As the land eroded, more sand made its way into the inlet. In recent years, the ferry route had to be changed to a longer U-shaped route to avoid persistent shallow shoals, doubling the time each way to an hourlong trip between the islands. The short channel is still being monitored, but conditions have yet to improve enough.
Yet, on the north end of Ocracoke Island, there has been severe erosion by the South Ferry Docks where the Hatteras ferries come and go. A sheet-pile bulkhead was recently installed to buffer the shoreline by the ferry basin. In contrast, the sand has piled up in Bigfoot Slough on the other side of the island where the ferries come and go to Swan Quarter and Cedar Island.
As the commission continues to grapple with whatever Mother Nature doles out, there have been encouraging steps to long-term solutions. Contractor Coastal Protection Engineering is working to develop a two-part dredge material management plan for waterways in the north and south ends of the county that would provide reliable disposal sites for dredged sand. Dredging projects will not be permitted unless there is an approved disposal area for the material. But Dare County has been running out of acceptable areas, especially around Hatteras Island sites.
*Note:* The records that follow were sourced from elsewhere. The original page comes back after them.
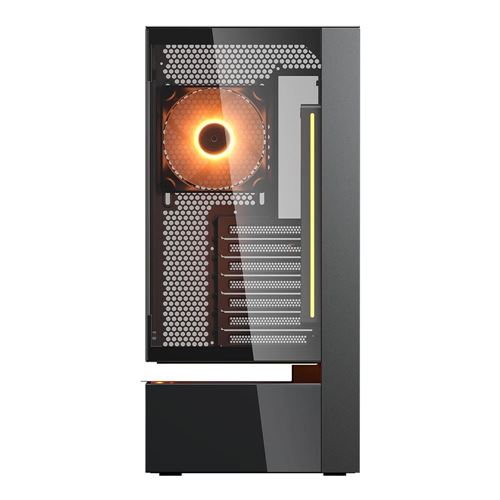 Cougar CFV235 Vision Tempered Glass ATX Mid-Tower Computer Case - Black — vista 2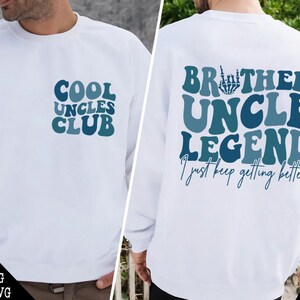 Cool Uncles Club PNG SVG, Bror Farbror Legend, Farbror PNG Gåva, Ny Farbror Svg, Blivande Farbror Gåva, Farbror Tia PNG, Graviditetsavslöjande Gåva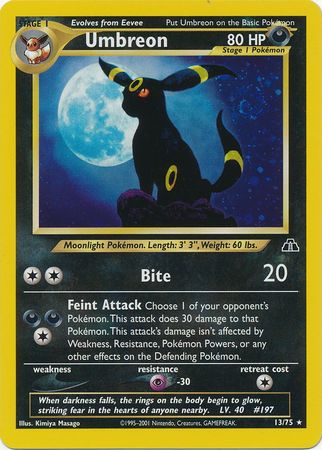 Umbreon (13/75) [Neo Discovery Unlimited] | RetroPlay Games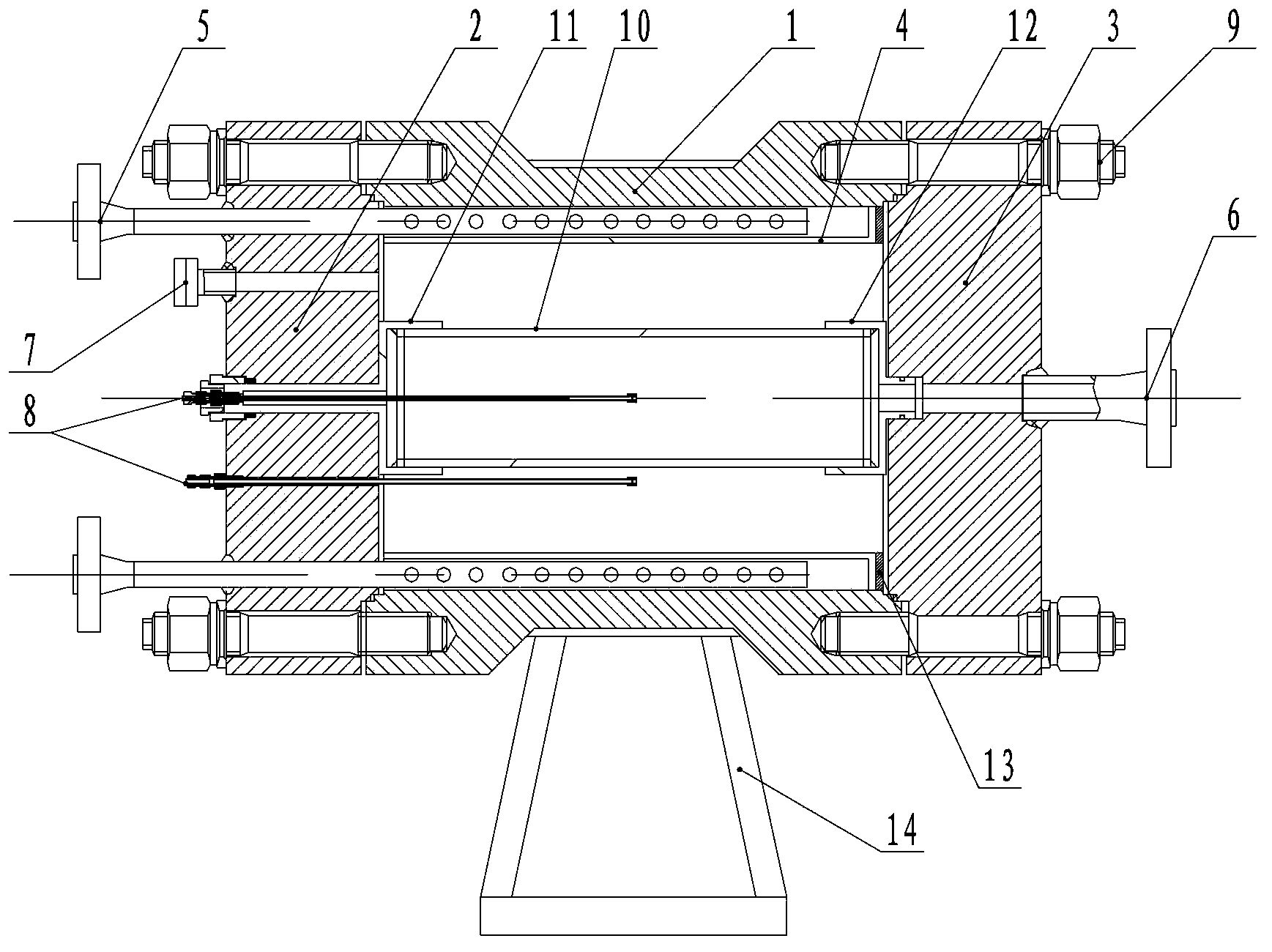 Evaluation device and method for sand controlling effect of screen pipe of horizontal well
Also, the Corps of Engineers has agreed to explore realignment of the authorized federal channel in Hatteras Inlet, a long-sought goal of the Waterways Commission.
Johnson said that it would involve changing the authorization language that restricts how “best water” or “best route” are defined in the federal channels. It would a way to sidestep the cumbersome and lengthy process of securing congressional legislation that is required to change authorization.
The wording would determine the flexibility of the alignment in the future, he said.
If the change were made, which could take about 18 months to complete, it would affect the Barney Slough, South Ferry Channel and Sloop Channel.
What it won’t do is reopen the former less time-consuming Hatteras-Ocracoke ferry route.
“I’d rather have the short route,” said commission chairman Steve “Creature” Coulter after the meeting. “But I want a route that’s maintainable.”